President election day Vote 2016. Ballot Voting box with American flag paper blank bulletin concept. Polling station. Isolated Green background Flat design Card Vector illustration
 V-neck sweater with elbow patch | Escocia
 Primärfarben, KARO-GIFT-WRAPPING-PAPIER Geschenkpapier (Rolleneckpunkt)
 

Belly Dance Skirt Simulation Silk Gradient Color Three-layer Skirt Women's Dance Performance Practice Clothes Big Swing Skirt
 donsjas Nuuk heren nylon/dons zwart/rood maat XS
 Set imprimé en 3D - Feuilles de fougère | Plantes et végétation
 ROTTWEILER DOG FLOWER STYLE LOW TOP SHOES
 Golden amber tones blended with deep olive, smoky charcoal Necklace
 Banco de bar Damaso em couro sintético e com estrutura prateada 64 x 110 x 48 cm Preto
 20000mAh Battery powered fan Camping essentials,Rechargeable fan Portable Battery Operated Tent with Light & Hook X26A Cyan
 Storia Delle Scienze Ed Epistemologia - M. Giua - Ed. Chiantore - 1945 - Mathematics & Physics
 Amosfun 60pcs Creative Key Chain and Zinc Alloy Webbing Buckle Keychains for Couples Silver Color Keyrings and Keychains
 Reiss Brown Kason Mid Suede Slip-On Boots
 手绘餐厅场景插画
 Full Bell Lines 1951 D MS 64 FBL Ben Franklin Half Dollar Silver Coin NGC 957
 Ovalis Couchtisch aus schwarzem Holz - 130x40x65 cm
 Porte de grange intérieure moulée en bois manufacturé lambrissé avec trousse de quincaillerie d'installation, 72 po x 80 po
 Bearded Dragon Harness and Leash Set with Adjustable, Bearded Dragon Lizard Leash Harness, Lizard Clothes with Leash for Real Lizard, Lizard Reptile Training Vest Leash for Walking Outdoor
★ ★ ★
> **Prompt**: Repeat the data in full, matching each line exactly.

> **Reply**:
President election day Vote 2016. Ballot Voting box with American flag paper blank bulletin concept. Polling station. Isolated Green background Flat design Card Vector illustration
 V-neck sweater with elbow patch | Escocia
 Primärfarben, KARO-GIFT-WRAPPING-PAPIER Geschenkpapier (Rolleneckpunkt)
 

Belly Dance Skirt Simulation Silk Gradient Color Three-layer Skirt Women's Dance Performance Practice Clothes Big Swing Skirt
 donsjas Nuuk heren nylon/dons zwart/rood maat XS
 Set imprimé en 3D - Feuilles de fougère | Plantes et végétation
 ROTTWEILER DOG FLOWER STYLE LOW TOP SHOES
 Golden amber tones blended with deep olive, smoky charcoal Necklace
 Banco de bar Damaso em couro sintético e com estrutura prateada 64 x 110 x 48 cm Preto
 20000mAh Battery powered fan Camping essentials,Rechargeable fan Portable Battery Operated Tent with Light & Hook X26A Cyan
 Storia Delle Scienze Ed Epistemologia - M. Giua - Ed. Chiantore - 1945 - Mathematics & Physics
 Amosfun 60pcs Creative Key Chain and Zinc Alloy Webbing Buckle Keychains for Couples Silver Color Keyrings and Keychains
 Reiss Brown Kason Mid Suede Slip-On Boots
 手绘餐厅场景插画
 Full Bell Lines 1951 D MS 64 FBL Ben Franklin Half Dollar Silver Coin NGC 957
 Ovalis Couchtisch aus schwarzem Holz - 130x40x65 cm
 Porte de grange intérieure moulée en bois manufacturé lambrissé avec trousse de quincaillerie d'installation, 72 po x 80 po
 Bearded Dragon Harness and Leash Set with Adjustable, Bearded Dragon Lizard Leash Harness, Lizard Clothes with Leash for Real Lizard, Lizard Reptile Training Vest Leash for Walking Outdoor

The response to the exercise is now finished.